THE TASK: Your task is to retype, exactly and only, the lines from the one containing "So as long as" to the final line of the entries, leaving out all pictures.

AVAILABLE DATA:
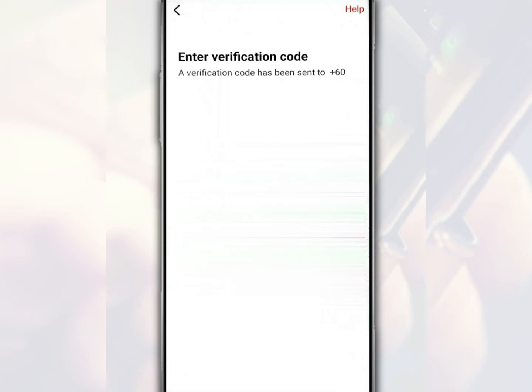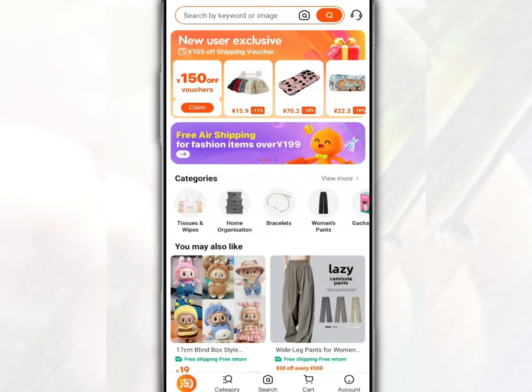After that, fill in the confirmation code you received. Finally, your account has been registered.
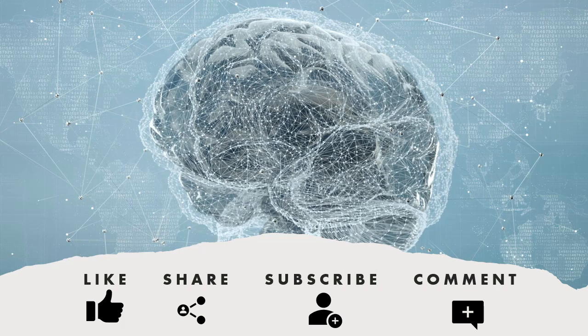If you agree with my opinion, then hit the like button and subscribe to my channel. You can also share your opinion in the comments section below.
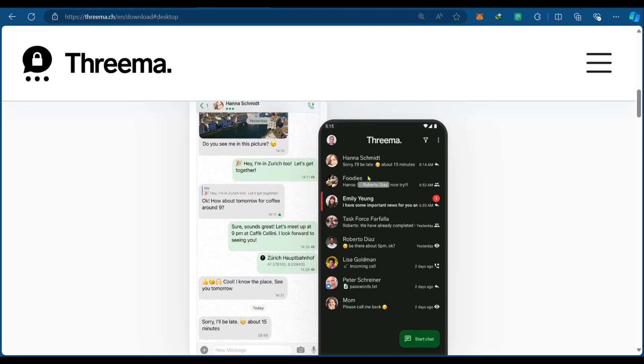Also in Threema, on this page, you can see messages. You can also see incoming calls or missed calls displayed right here. Then of course, messages that are unread will be shown in this way with the number of message threads that have been unread. So this is how to use Threema Messenger.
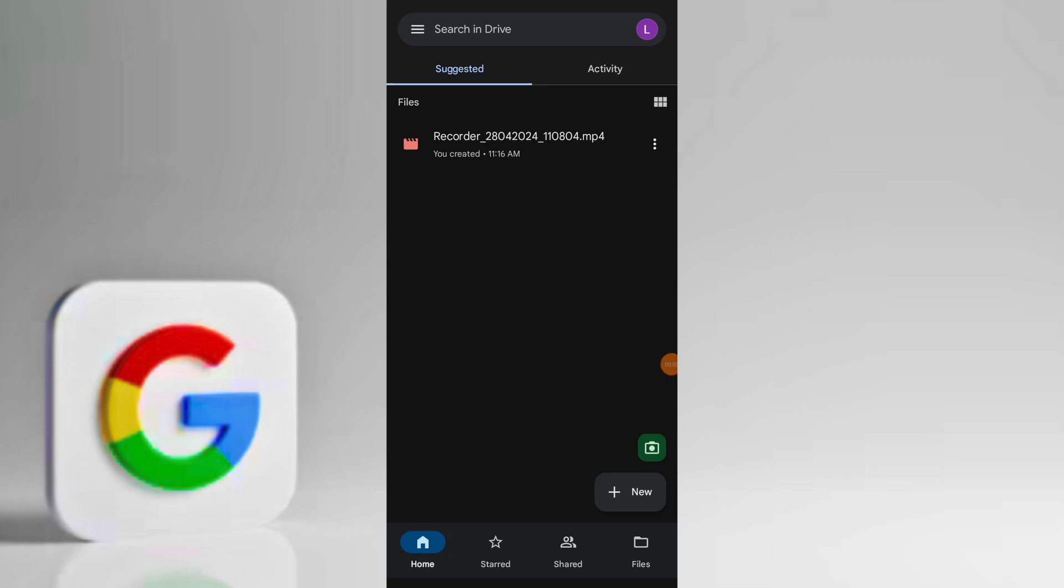In today's video I'm going to show you how to save videos from Google Drive to your device gallery. Launch Google Drive app on your device and navigate to the video that you want to download to your device gallery.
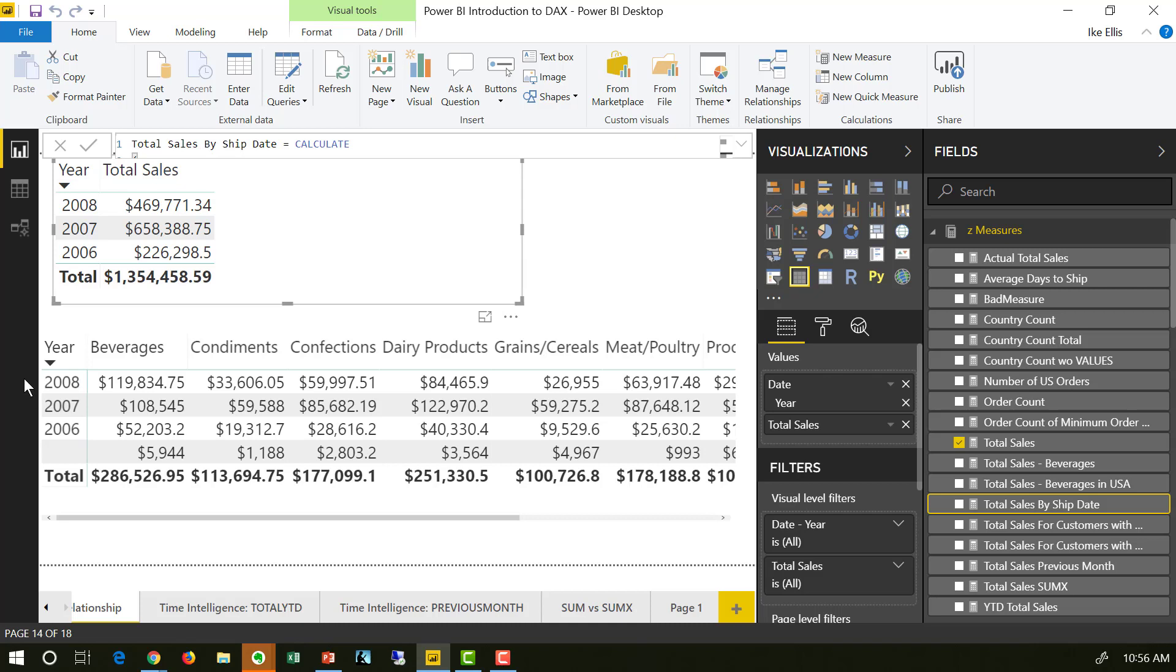Let's see another powerful thing that the calculate function can do. It can manipulate the relationship between two tables.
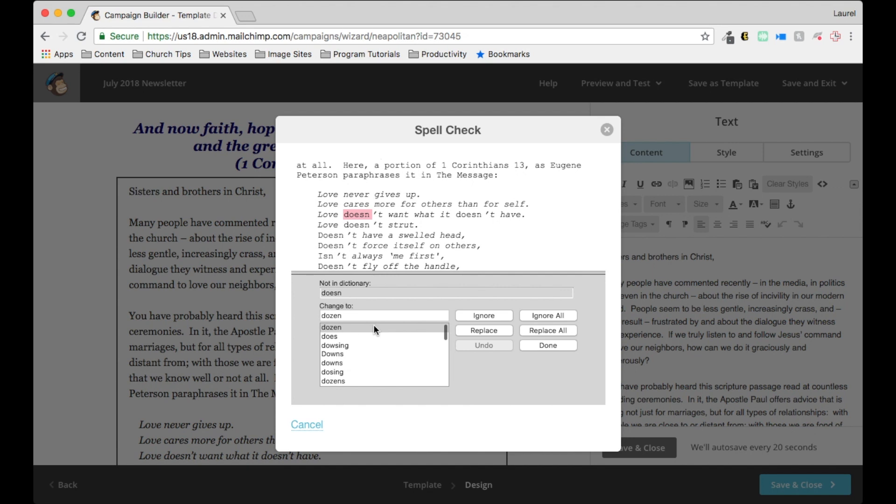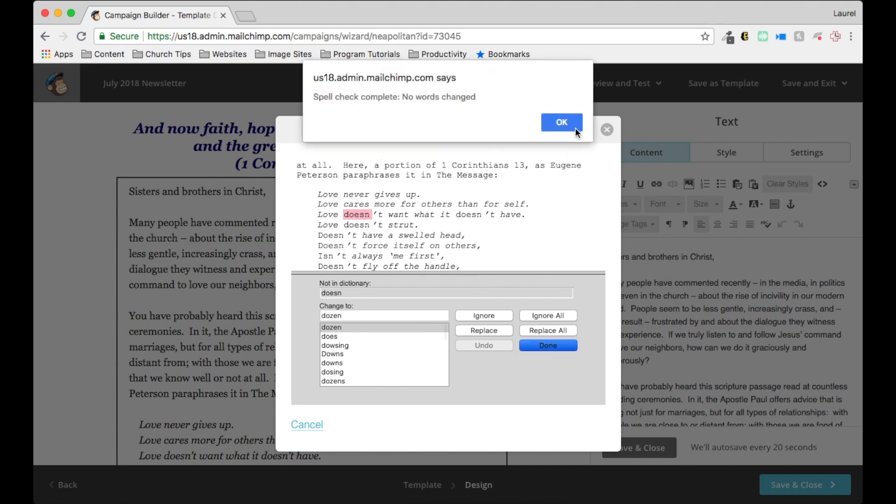So as long as you know that you're just looking for blatant misspellings, then this will be a good tool for you to use.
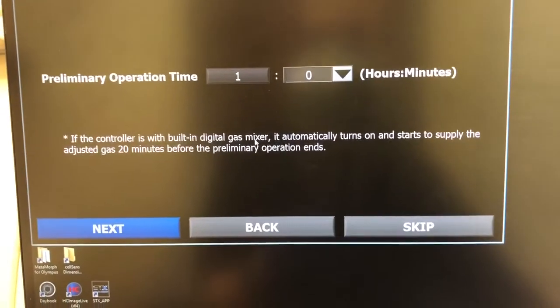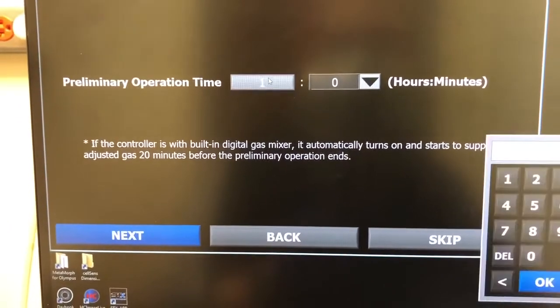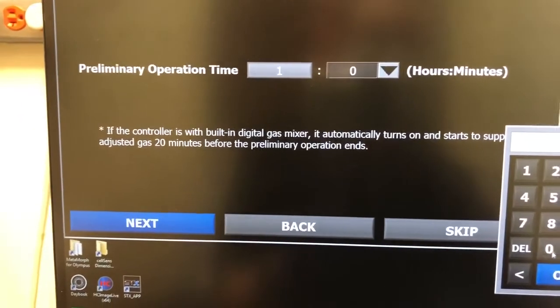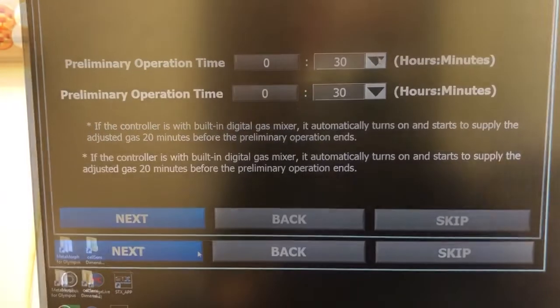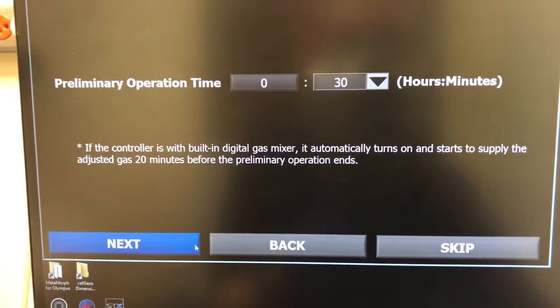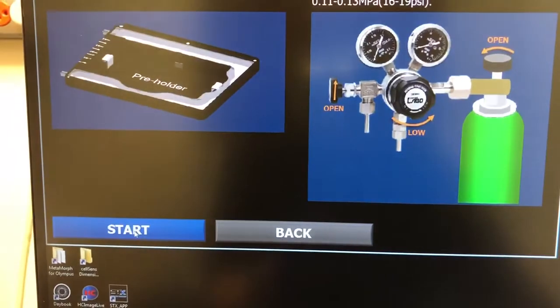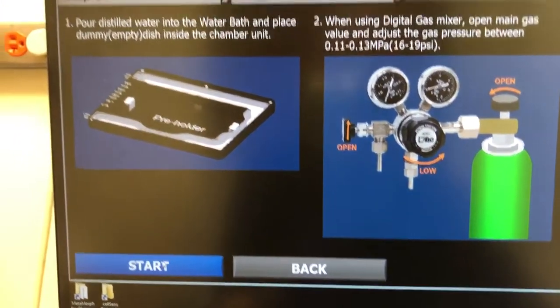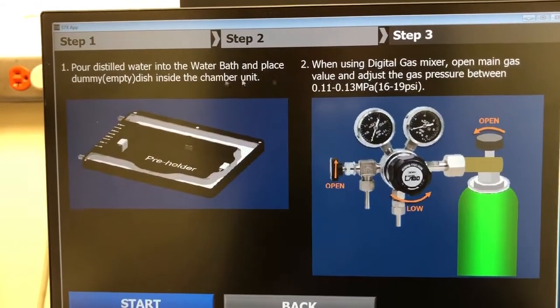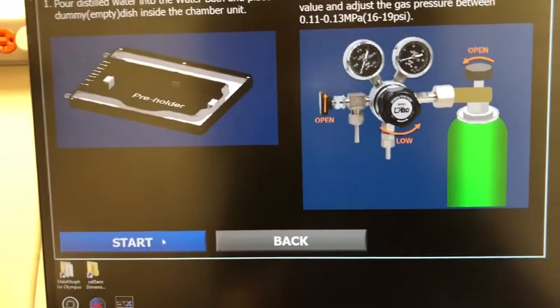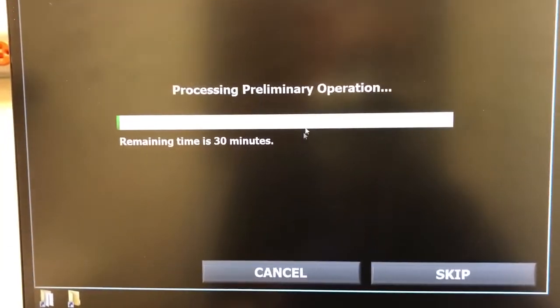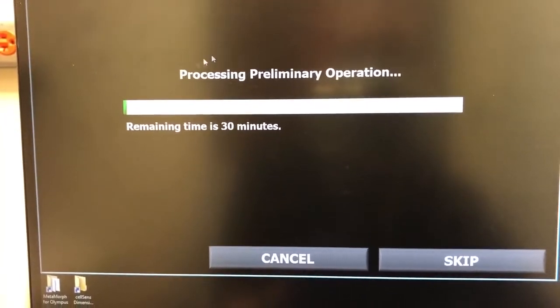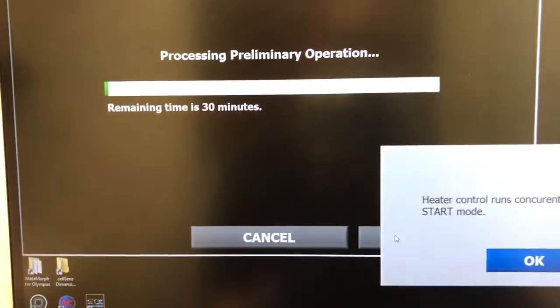So this is the preliminary operation time. You can just set this to zero. And the minimum preliminary operation time will be 30 minutes. We've already done this. We've poured distilled water. We have the gas mixer at the proper pressure. And so here, instead of trying to equilibrate, we can just skip this step.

SOLUTION TO THIS PROBLEM:
So as long as you know that you're just looking for blatant misspellings, then this will be a good tool for you to use.
So this is the preliminary operation time. You can just set this to zero. And the minimum preliminary operation time will be 30 minutes. We've already done this. We've poured distilled water. We have the gas mixer at the proper pressure. And so here, instead of trying to equilibrate, we can just skip this step.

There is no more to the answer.